In a lot of ways, The Cavalier is the perfect neighborhood pub, with plenty of parking, cheap drinks, and, perhaps most importantly, excellent wings. The wings at Cavalier are some of the biggest we’ve encountered—we asked if they came from a turkey, but they said no— and with some fun sauces like Twisted Tea BBQ and Jamaican Jerk, you can keep coming back to work your way through them all. We usually end up with the Korean BBQ—they’re sweet and sticky in all the right ways, with nice crispy edges that make them almost fun to eat.

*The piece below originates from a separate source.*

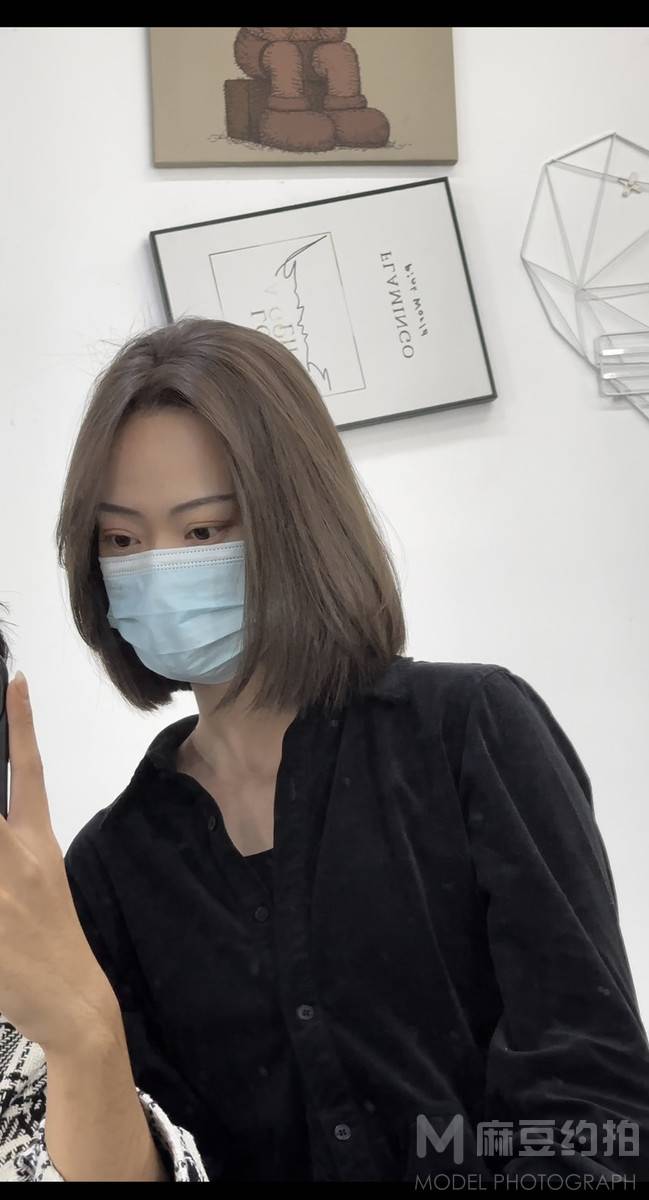商务模特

Umami-rich and spicy, the chicken wings at the Laotian food truck SXSE are some of our favorites in town. First they’re marinated in fish sauce, dried lemongrass, garlic powder, salt, and pepper. Then they’re fried naked until crispy, dressed in an absolutely delicious caramel fish sauce, and then topped with fried garlic and chili flakes. The caramel fish sauce is so good you’ll probably want to a little bottle of it to walk around with.

There’s a good chance you’re already familiar with the wings at the Tavern. Their signature “white wings” are of the boneless variety—bacon wrapped and jalapeno stuffed—but this isn’t a boneless wing guide (so we can only say unofficially that these should be part of your order as well). Fortunately their classic wings are just as good—juicy on the inside with a crispy, almost-charred exterior tossed in everything from lemon pepper to ghost pepper. They’ve also got over 30 TVs inside, making this a great spot to come and watch some sports to accompany your wings.

The wings at Tommy Want Wingy have developed an almost cult-like following in Austin, with people clamoring for their distinct, frenched chicken wings. There’s no debate about flats vs drums here—all the wings start as a drumette before being cleaned into a lollipop-like shape with a little bone handle. It makes them easy to eat, which probably comes in handy when you’ve got the munchies after a long night out. There are two locations: one at Cosmic Coffee + Beer Garden, the other at Rainey St.